THE TASK: Omit all pictures, then retype the data exactly as given.

DATA BLOCK:
•••••

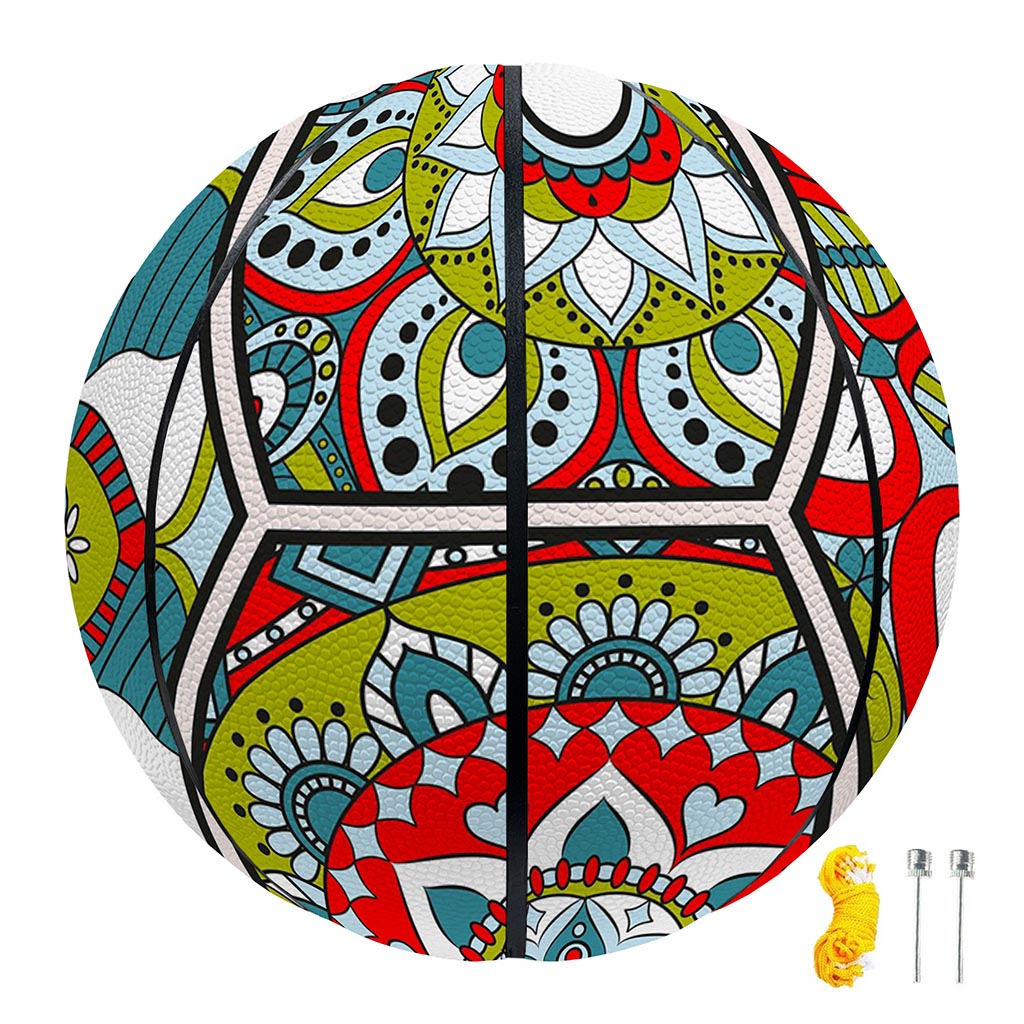 Oriental Mandala Bohemian Pattern Print Basketball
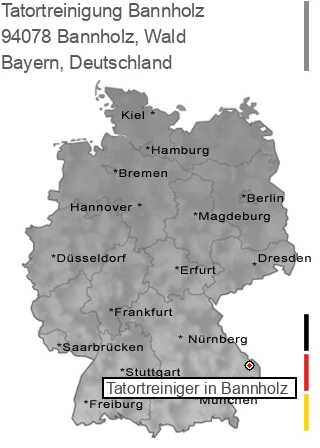 Tatortreinigung Bannholz, Wald, 94078 Bannholz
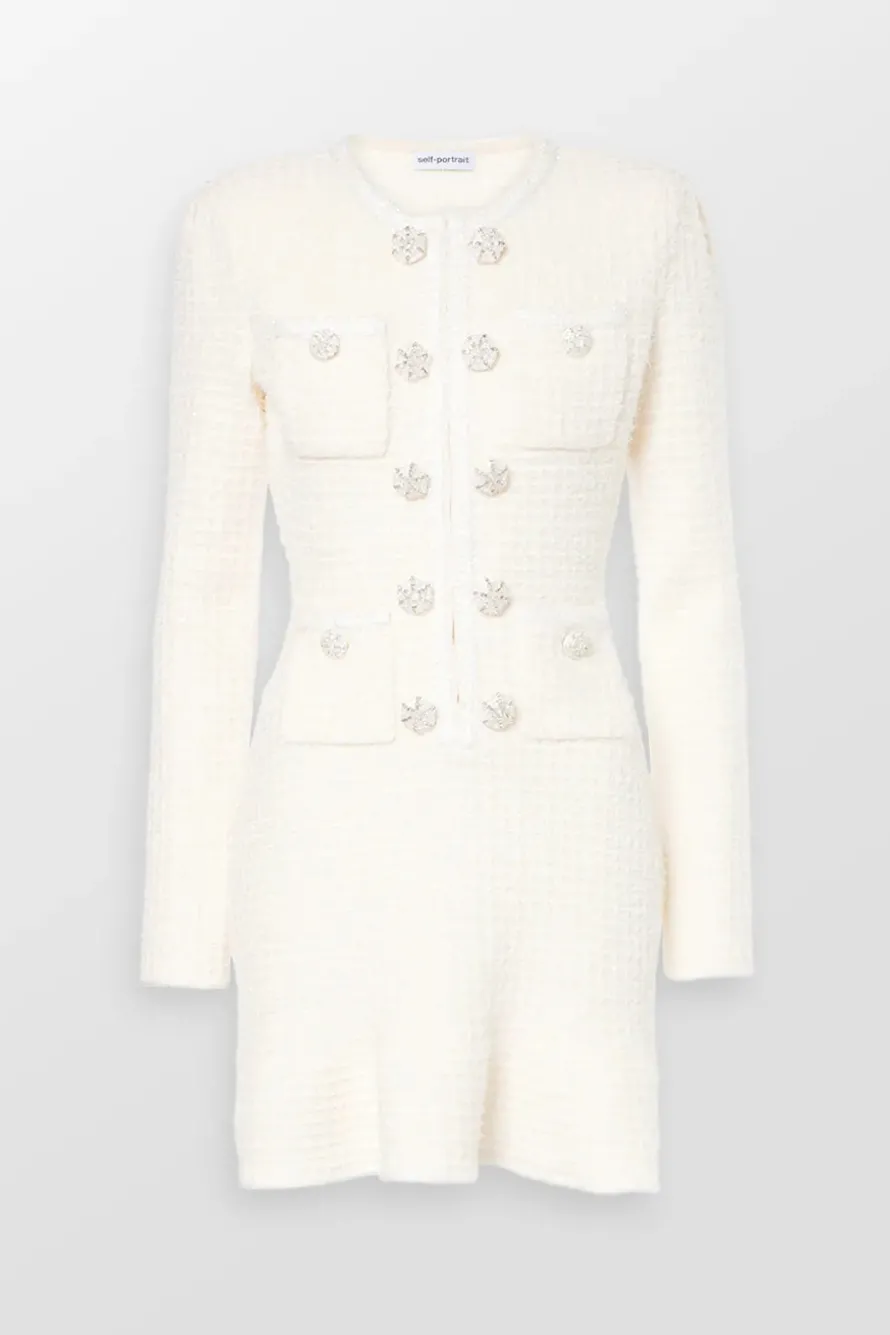 Textured Knit Mini Dress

•••••

EXERCISE OUTPUT:
 Oriental Mandala Bohemian Pattern Print Basketball
 Tatortreinigung Bannholz, Wald, 94078 Bannholz
 Textured Knit Mini Dress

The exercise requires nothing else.